- THE INPUT
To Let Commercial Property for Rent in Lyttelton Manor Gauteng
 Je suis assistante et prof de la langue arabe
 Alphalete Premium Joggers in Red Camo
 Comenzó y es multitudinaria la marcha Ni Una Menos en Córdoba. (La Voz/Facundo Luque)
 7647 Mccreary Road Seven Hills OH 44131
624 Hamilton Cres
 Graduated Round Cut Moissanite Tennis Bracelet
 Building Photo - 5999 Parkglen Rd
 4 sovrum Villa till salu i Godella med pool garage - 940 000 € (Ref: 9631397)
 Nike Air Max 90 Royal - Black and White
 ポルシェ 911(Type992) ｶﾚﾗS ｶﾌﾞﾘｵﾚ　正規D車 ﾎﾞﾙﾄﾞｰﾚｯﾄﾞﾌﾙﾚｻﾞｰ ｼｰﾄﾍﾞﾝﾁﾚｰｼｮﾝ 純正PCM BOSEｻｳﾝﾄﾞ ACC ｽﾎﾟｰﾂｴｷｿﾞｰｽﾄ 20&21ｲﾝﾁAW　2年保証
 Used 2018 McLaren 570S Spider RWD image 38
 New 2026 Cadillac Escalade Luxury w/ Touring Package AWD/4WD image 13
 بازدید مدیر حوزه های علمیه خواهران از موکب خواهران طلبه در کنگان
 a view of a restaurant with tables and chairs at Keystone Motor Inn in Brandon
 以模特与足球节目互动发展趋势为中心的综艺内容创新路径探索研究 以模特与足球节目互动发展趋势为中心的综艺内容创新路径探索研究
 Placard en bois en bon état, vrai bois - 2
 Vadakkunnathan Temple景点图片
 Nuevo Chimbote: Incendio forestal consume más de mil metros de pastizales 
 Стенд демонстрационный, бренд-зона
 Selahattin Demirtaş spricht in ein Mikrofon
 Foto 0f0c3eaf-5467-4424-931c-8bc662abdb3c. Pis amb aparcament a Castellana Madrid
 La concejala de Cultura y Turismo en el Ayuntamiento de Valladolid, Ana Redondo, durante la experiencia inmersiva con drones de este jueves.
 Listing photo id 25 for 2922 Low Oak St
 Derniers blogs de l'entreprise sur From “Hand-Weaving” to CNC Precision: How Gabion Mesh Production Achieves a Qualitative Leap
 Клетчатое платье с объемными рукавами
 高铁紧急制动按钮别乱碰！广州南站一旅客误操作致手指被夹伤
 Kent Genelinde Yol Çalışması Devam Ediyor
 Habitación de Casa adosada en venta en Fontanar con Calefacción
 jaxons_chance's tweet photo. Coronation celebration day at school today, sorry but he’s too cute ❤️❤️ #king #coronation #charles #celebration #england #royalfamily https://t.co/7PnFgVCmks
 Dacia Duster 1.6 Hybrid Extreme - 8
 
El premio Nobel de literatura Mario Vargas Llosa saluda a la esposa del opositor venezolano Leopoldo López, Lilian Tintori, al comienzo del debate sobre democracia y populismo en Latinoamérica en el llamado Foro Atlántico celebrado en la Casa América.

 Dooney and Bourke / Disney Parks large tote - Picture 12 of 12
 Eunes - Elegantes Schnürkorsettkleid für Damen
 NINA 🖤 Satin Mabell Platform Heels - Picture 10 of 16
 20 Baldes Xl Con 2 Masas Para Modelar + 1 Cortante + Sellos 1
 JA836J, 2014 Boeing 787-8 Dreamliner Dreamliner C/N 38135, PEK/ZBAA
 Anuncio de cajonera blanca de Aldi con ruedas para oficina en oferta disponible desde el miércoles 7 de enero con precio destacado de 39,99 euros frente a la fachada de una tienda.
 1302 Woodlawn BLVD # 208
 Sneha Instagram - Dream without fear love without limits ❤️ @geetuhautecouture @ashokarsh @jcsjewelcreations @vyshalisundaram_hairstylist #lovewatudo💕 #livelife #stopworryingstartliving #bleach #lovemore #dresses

- ABOUT THIS EXERCISE
Repeat the whole of the data above exactly as it appears.

- WRITTEN ANSWER
To Let Commercial Property for Rent in Lyttelton Manor Gauteng
 Je suis assistante et prof de la langue arabe
 Alphalete Premium Joggers in Red Camo
 Comenzó y es multitudinaria la marcha Ni Una Menos en Córdoba. (La Voz/Facundo Luque)
 7647 Mccreary Road Seven Hills OH 44131
624 Hamilton Cres
 Graduated Round Cut Moissanite Tennis Bracelet
 Building Photo - 5999 Parkglen Rd
 4 sovrum Villa till salu i Godella med pool garage - 940 000 € (Ref: 9631397)
 Nike Air Max 90 Royal - Black and White
 ポルシェ 911(Type992) ｶﾚﾗS ｶﾌﾞﾘｵﾚ　正規D車 ﾎﾞﾙﾄﾞｰﾚｯﾄﾞﾌﾙﾚｻﾞｰ ｼｰﾄﾍﾞﾝﾁﾚｰｼｮﾝ 純正PCM BOSEｻｳﾝﾄﾞ ACC ｽﾎﾟｰﾂｴｷｿﾞｰｽﾄ 20&21ｲﾝﾁAW　2年保証
 Used 2018 McLaren 570S Spider RWD image 38
 New 2026 Cadillac Escalade Luxury w/ Touring Package AWD/4WD image 13
 بازدید مدیر حوزه های علمیه خواهران از موکب خواهران طلبه در کنگان
 a view of a restaurant with tables and chairs at Keystone Motor Inn in Brandon
 以模特与足球节目互动发展趋势为中心的综艺内容创新路径探索研究 以模特与足球节目互动发展趋势为中心的综艺内容创新路径探索研究
 Placard en bois en bon état, vrai bois - 2
 Vadakkunnathan Temple景点图片
 Nuevo Chimbote: Incendio forestal consume más de mil metros de pastizales 
 Стенд демонстрационный, бренд-зона
 Selahattin Demirtaş spricht in ein Mikrofon
 Foto 0f0c3eaf-5467-4424-931c-8bc662abdb3c. Pis amb aparcament a Castellana Madrid
 La concejala de Cultura y Turismo en el Ayuntamiento de Valladolid, Ana Redondo, durante la experiencia inmersiva con drones de este jueves.
 Listing photo id 25 for 2922 Low Oak St
 Derniers blogs de l'entreprise sur From “Hand-Weaving” to CNC Precision: How Gabion Mesh Production Achieves a Qualitative Leap
 Клетчатое платье с объемными рукавами
 高铁紧急制动按钮别乱碰！广州南站一旅客误操作致手指被夹伤
 Kent Genelinde Yol Çalışması Devam Ediyor
 Habitación de Casa adosada en venta en Fontanar con Calefacción
 jaxons_chance's tweet photo. Coronation celebration day at school today, sorry but he’s too cute ❤️❤️ #king #coronation #charles #celebration #england #royalfamily https://t.co/7PnFgVCmks
 Dacia Duster 1.6 Hybrid Extreme - 8
 
El premio Nobel de literatura Mario Vargas Llosa saluda a la esposa del opositor venezolano Leopoldo López, Lilian Tintori, al comienzo del debate sobre democracia y populismo en Latinoamérica en el llamado Foro Atlántico celebrado en la Casa América.

 Dooney and Bourke / Disney Parks large tote - Picture 12 of 12
 Eunes - Elegantes Schnürkorsettkleid für Damen
 NINA 🖤 Satin Mabell Platform Heels - Picture 10 of 16
 20 Baldes Xl Con 2 Masas Para Modelar + 1 Cortante + Sellos 1
 JA836J, 2014 Boeing 787-8 Dreamliner Dreamliner C/N 38135, PEK/ZBAA
 Anuncio de cajonera blanca de Aldi con ruedas para oficina en oferta disponible desde el miércoles 7 de enero con precio destacado de 39,99 euros frente a la fachada de una tienda.
 1302 Woodlawn BLVD # 208
 Sneha Instagram - Dream without fear love without limits ❤️ @geetuhautecouture @ashokarsh @jcsjewelcreations @vyshalisundaram_hairstylist #lovewatudo💕 #livelife #stopworryingstartliving #bleach #lovemore #dresses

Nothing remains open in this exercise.